Once you’ve picked a source and target, the header shows the RISK% chip — your chance of losing this fight, coloured green through red. The RISK % attack mode below works on the same number. The chip and its colour steps are covered in Tactical Cards.
Three attack modes
A three-way toggle (ATTACK / BLITZ / RISK %) sits below the source and target:
- ATTACK (the default) rolls one exchange of dice per press. You
lose at most one troop per press, and nothing keeps rolling. Precise
and low-risk: good for probing a defence or chipping at a border.
The commit reads
STRIKE → TARGET. - BLITZ keeps rolling until the defender is gone or your committed
troops are spent. A slider sets how many troops you’re throwing in,
from 1 up to one less than the source garrison; it starts two below
the garrison, so you stay off the last-troop edge unless you drag
there yourself. The commit reads
BLITZ N → TARGET. Fast, but a bad streak can cost you the source. - RISK % is blitz with a stop-loss: you set the risk you’ll
accept, and the attack halts on its own if the live odds get worse
than that. The commit reads
RISK X% → TARGET. The slider, the cap, and the halt are covered in Tactical Cards.

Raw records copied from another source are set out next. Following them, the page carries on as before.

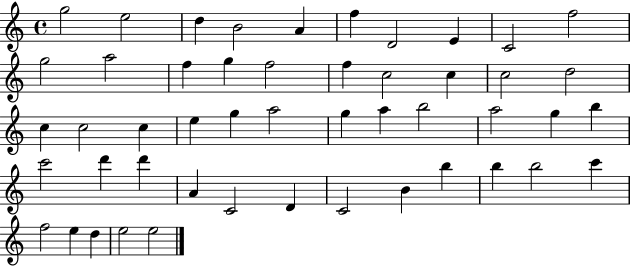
X:1
T:Untitled
M:4/4
L:1/4
K:C
g2 e2 d B2 A f D2 E C2 f2 g2 a2 f g f2 f c2 c c2 d2 c c2 c e g a2 g a b2 a2 g b c'2 d' d' A C2 D C2 B b b b2 c' f2 e d e2 e2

Your mode choice sticks for the whole game — across targets, turns, even a page refresh. A new game starts back on ATTACK.




Hold-to-fire commits
Every commit that spends troops or ends your turn uses hold-to-fire: press and hold for about half a second. A ring fills around the button as you hold; the action fires when the ring completes. Let go early and the ring rewinds — nothing happens, no penalty for the false start.
This covers every commit in the turn, from a single strike to
END TURN. Only START YOUR TURN fires on a plain tap — starting
your turn is safe.
Occupy
After conquering a territory, you move troops into it. Choose how many
to transfer — both the source and the new territory must keep at least
1 troop each. The commit reads OCCUPY n → TARGET.
Occupying counts immediately: the captured territory adds to your territory count right away, so it feeds this turn’s card ticks.
When you’ve conquered everything in reach (no source has both spare troops and an enemy neighbour), the panel says so plainly: “No remaining valid attacks.” Move on to reinforce.

Reinforce
The last phase moves troops between territories you already own. Pick a source, then a destination — troops find their own way through connected friendly territory.
The phase walks in two steps:
- Pick a source. The header reads
REINFORCE // PICK A SOURCE, and a full-widthPASSbutton sits below if you’d rather skip. - Pick a destination. The panel lists everywhere your troops can
reach. Pick one, and the action slider appears with
MOVE n → DESTandPASSside by side.
The source must keep at least 1 troop. Use reinforce to shore up a
border, stack a defence, or stage next turn’s push. When you’re done,
hold END TURN and the table moves on.